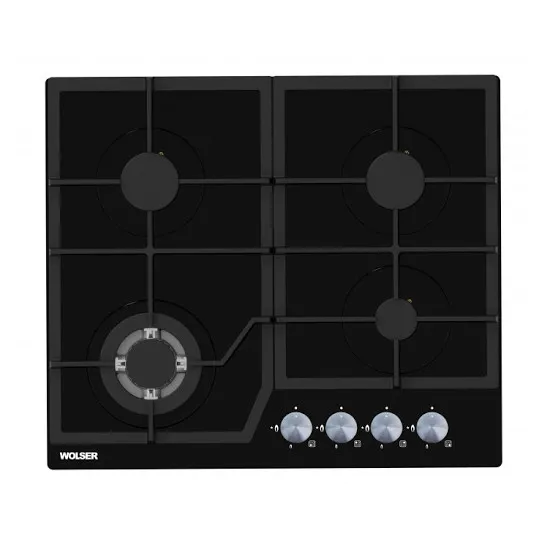 Plită încorporabilă Wolser WL-6400 GBN Q (Black)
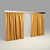 Versatile Slat Curtain 3D model small image 1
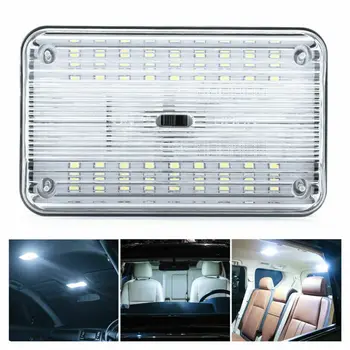 

12V 36LED Car Vehicle Interior Dome Roof Ceiling Reading Light Van Trunk Lamp Super Bright And Low Power Consumption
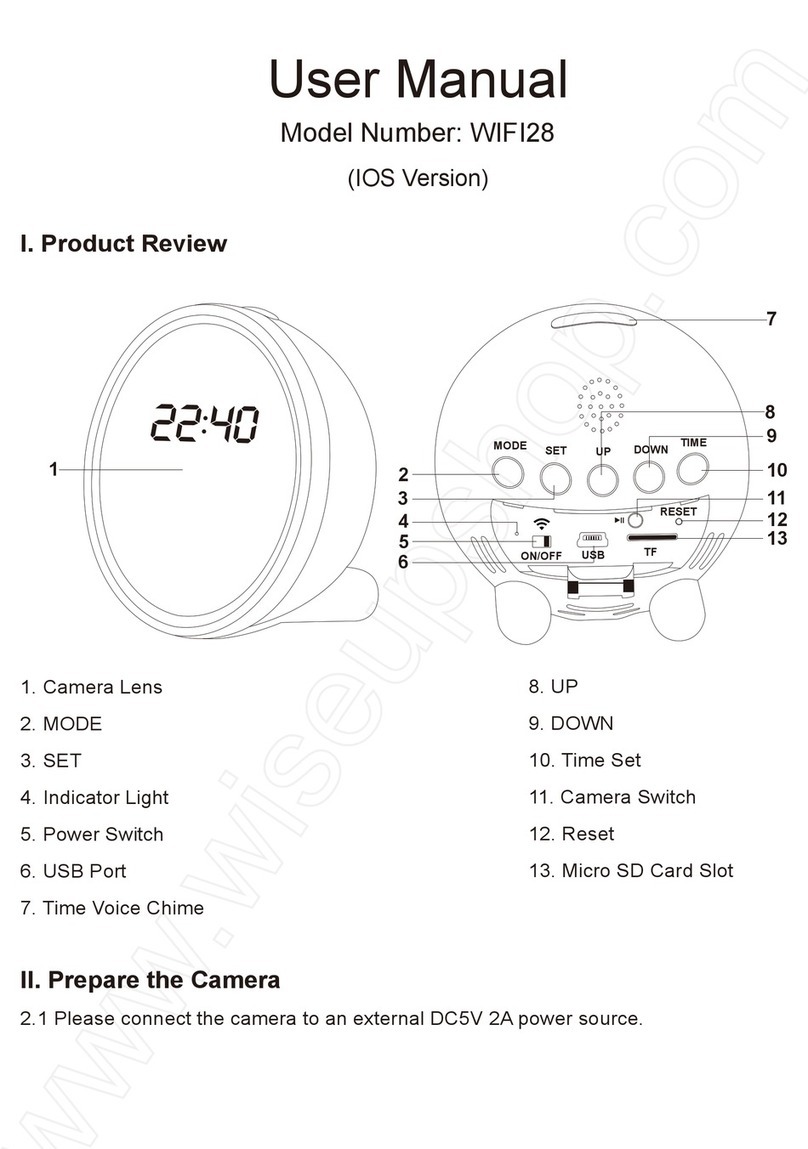 Wiseup WIFI28 user manual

__Exercise objective__.
Every line in the data above needs to be given again exactly, pictures aside.

__Answer for the task__.
 Plită încorporabilă Wolser WL-6400 GBN Q (Black)
 Versatile Slat Curtain 3D model small image 1

12V 36LED Car Vehicle Interior Dome Roof Ceiling Reading Light Van Trunk Lamp Super Bright And Low Power Consumption
 Wiseup WIFI28 user manual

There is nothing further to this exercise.